START Raw data

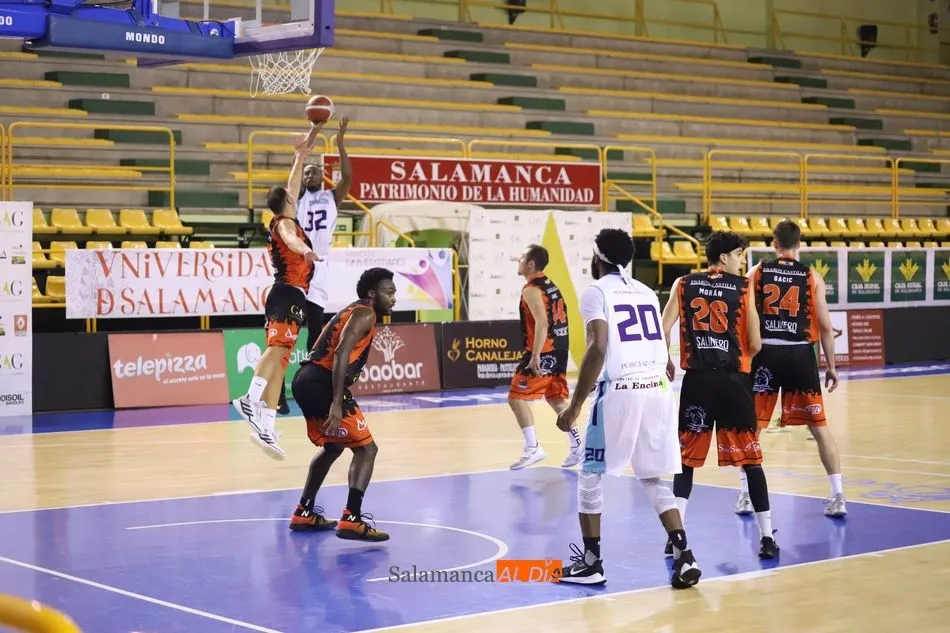 Foto 8 - El CB Tormes se hace fuerte ante Cantbasket y contin&uacute;a invicto (69-59)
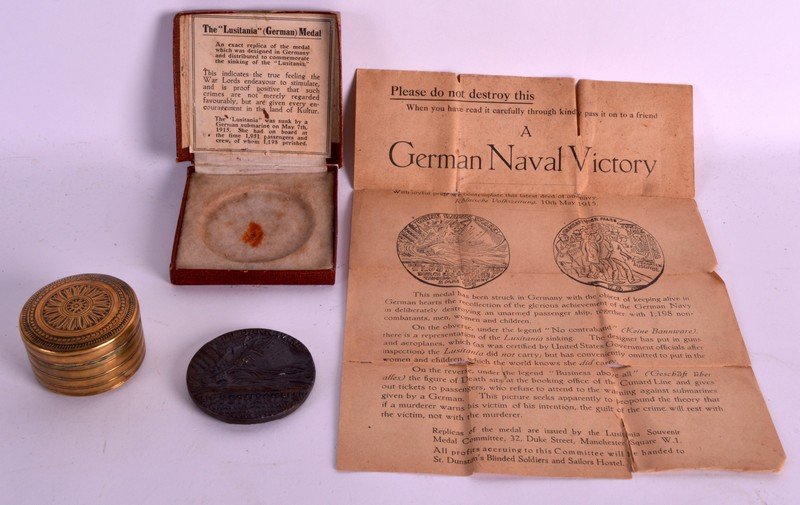 AN EARLY 19TH CENTURY DUTCH BRASS SNUFF BOX AND COVER (1 of 1)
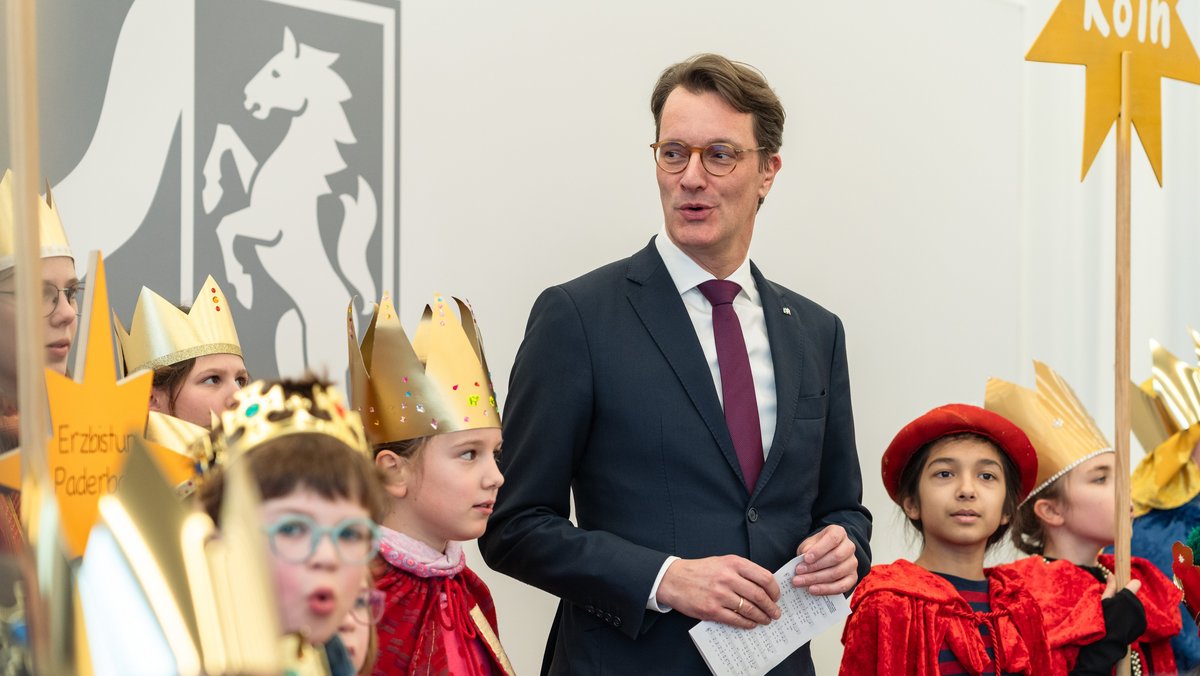 Kirche-und-Leben.de - Sternsinger bei NRW-Ministerpräsident Wüst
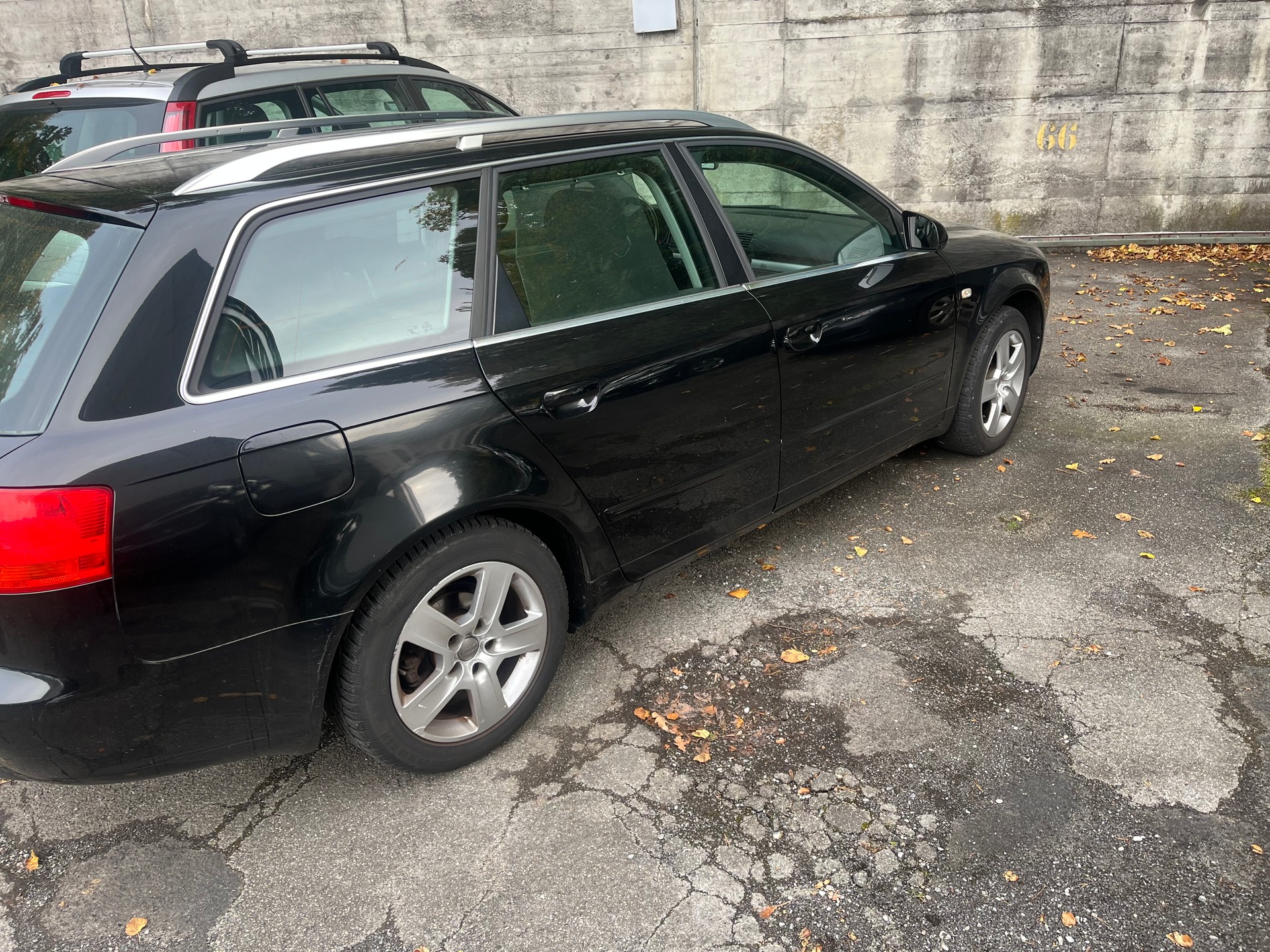 AUDI A4 Avant 2.0 TDI-image-5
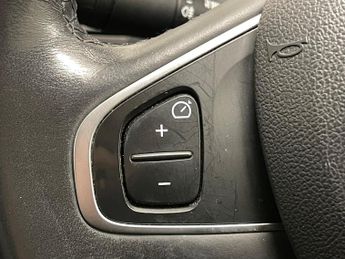 Renault Captur 1.2 TCe ENERGY Dynamique Nav Auto Euro 6 (s/s) 5dr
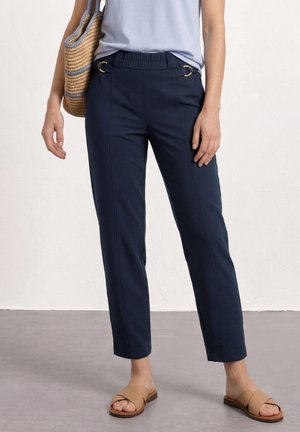 Street One, BARREL LEG HOSE MIT SCHNALLENDETAIL - Broek - shadowed navy
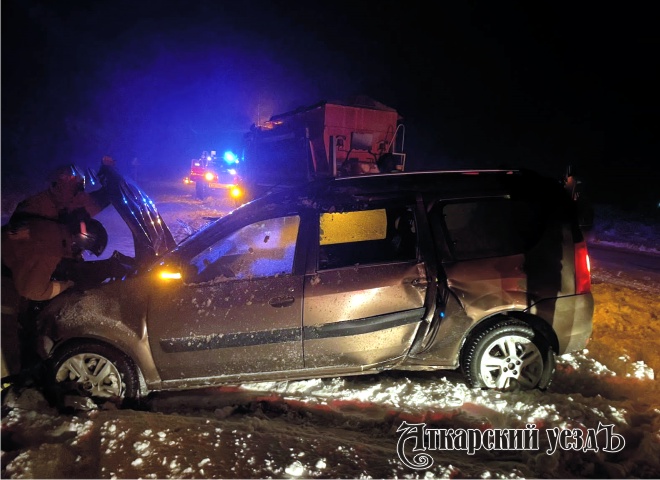 Под Аткарском столкнулись Volvo FM Truck и Lada: пострадала женщина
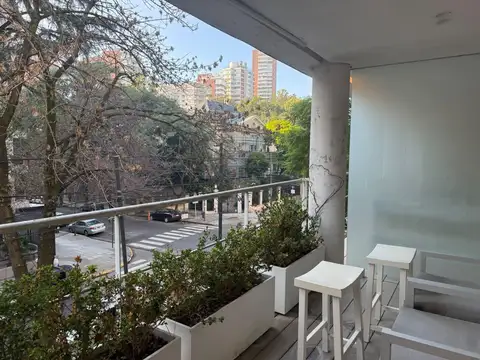 Oficina 4 ambientes con 1 baño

END Raw data

**Task details**
Write out word for word every line from the line with "AUDI A4 Avant 2.0 TDI-image-5" through the final line of the records, both included, skipping the pictures.

**Answer box**
 AUDI A4 Avant 2.0 TDI-image-5
 Renault Captur 1.2 TCe ENERGY Dynamique Nav Auto Euro 6 (s/s) 5dr
 Street One, BARREL LEG HOSE MIT SCHNALLENDETAIL - Broek - shadowed navy
 Под Аткарском столкнулись Volvo FM Truck и Lada: пострадала женщина
 Oficina 4 ambientes con 1 baño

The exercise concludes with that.